*** Data provided Section Begins ***

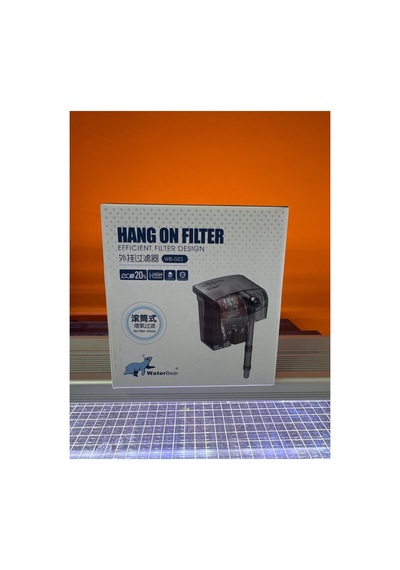 Waterbear Wb-g04 Askı Şelale Filtre 250 L/h 3w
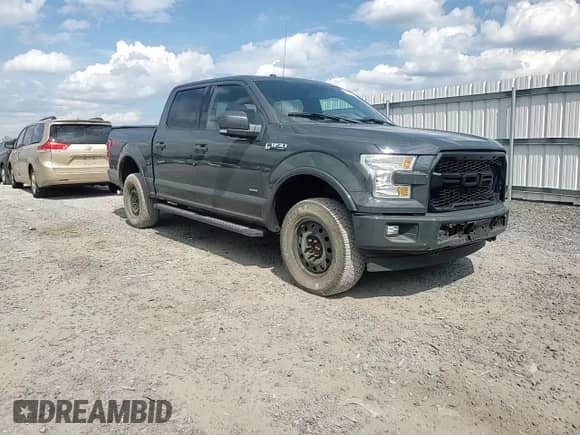 2017 Ford F-150 XL с VIN 1FTEW1EG4HFA69136, выставлен на аукционе Copart как лот 71478315 с пробегом 147 992 миль миль и Списание • Salvage title. История ставок и продаж доступна на DreamBid. Изображение 13.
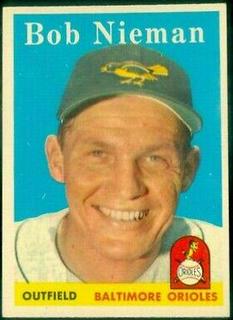 Bob Nieman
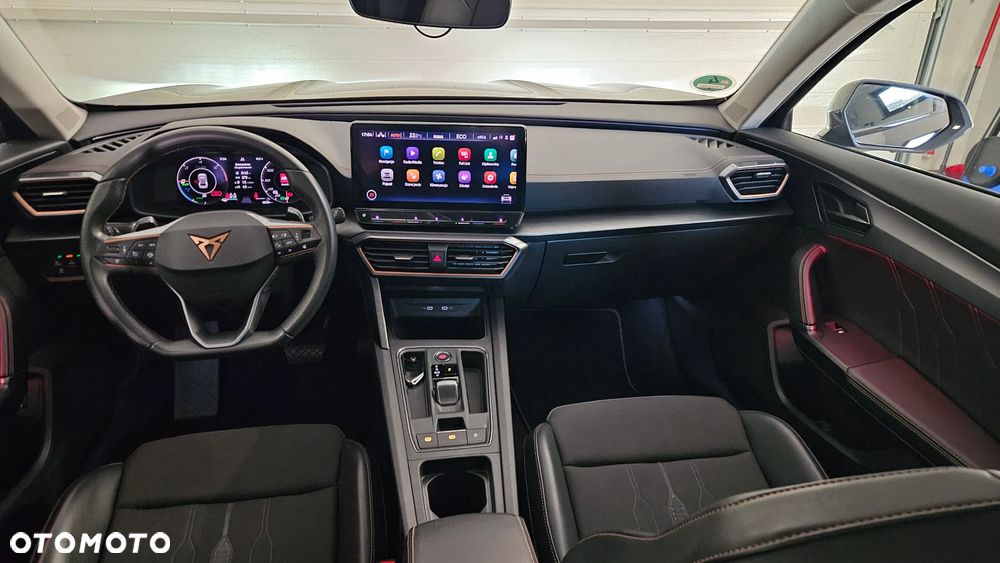 Cupra Formentor 1.4 e-Hybrid DSG Priority - 7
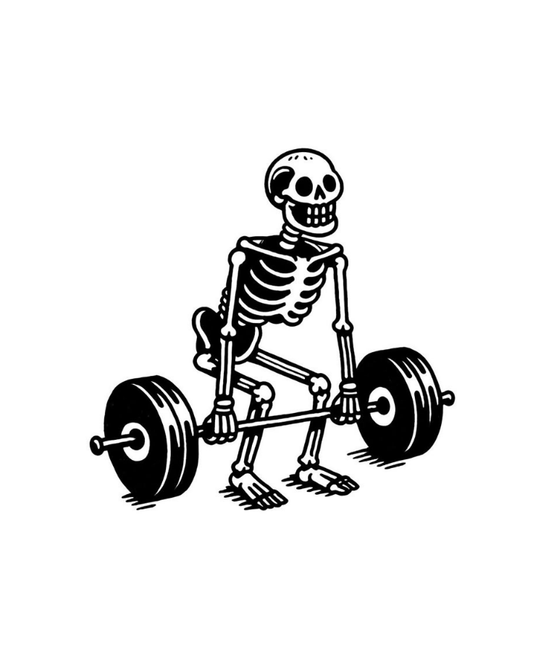 Deadlift to Death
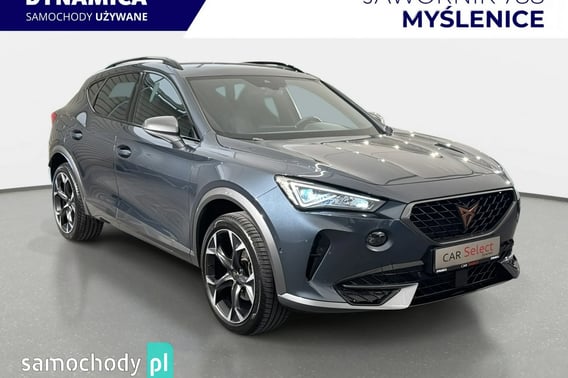 Cupra Formentor SUV 2023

*** Data provided Section Ends ***

Exercise brief
Here the job is to retype exactly the lines that start at the one containing "Cupra Formentor 1.4" and run through the end of the records above, leaving out pictures.

Response below
 Cupra Formentor 1.4 e-Hybrid DSG Priority - 7
 Deadlift to Death
 Cupra Formentor SUV 2023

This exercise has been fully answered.